Terence Fisher directed The Curse of Frankenstein for Hammer Studios in England, and Christopher Lee, Peter Cushing and Hazel Court starred. This 1957 movie was the first in the Hammer Studio’s emergence as a major producer of horror films and it was the beginning of a new horror movie cycle. The result was an innovative, fast paced, and  vividly colored film. Hammer Studios completely changed the approach to horror movies of the Universal Studios that had dominated the horror movie cycle from 1931-1945. Color, explicit violence, and sexuality were introduced as central filmic components.

The Curse of Frankenstein was, like so many other movies, loosely based on the great work of Gothic English Literature by Mary Shelley: Frankenstein: Or The Modern Prometheus (1818). Yes, that is the accurate subtitle, although it is usually omitted in most printings of the book.

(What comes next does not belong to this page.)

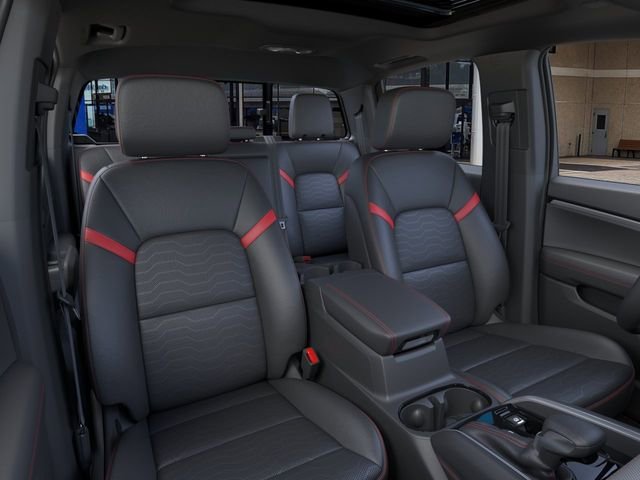 car-gallery-16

This movie was highly successful, both financially and critically.  And like Horror of Dracula would, as Hammer Studios expanded their treatments of classic Gothic novels, it spawned a long series of sequels. A major difference between the direction of the following films was the focus: the monster Dracula was the recurring character in the vampire movies, while Dr. Frankenstein, and not his creature was the repeating protagonist/antagonist of the Frankenstein movies. This is also an  important distinction between the Hammer and the earlier Universal movies in which the Creature was the primary recurring character.

The Creature was also a mindless killing machine in this film, and none of the Creature’s humanity was kept from the novel, which is the film’s major flaw. It is, nevertheless, an important film from this era, and if you enjoy or are interested in horror films, then I recommend it.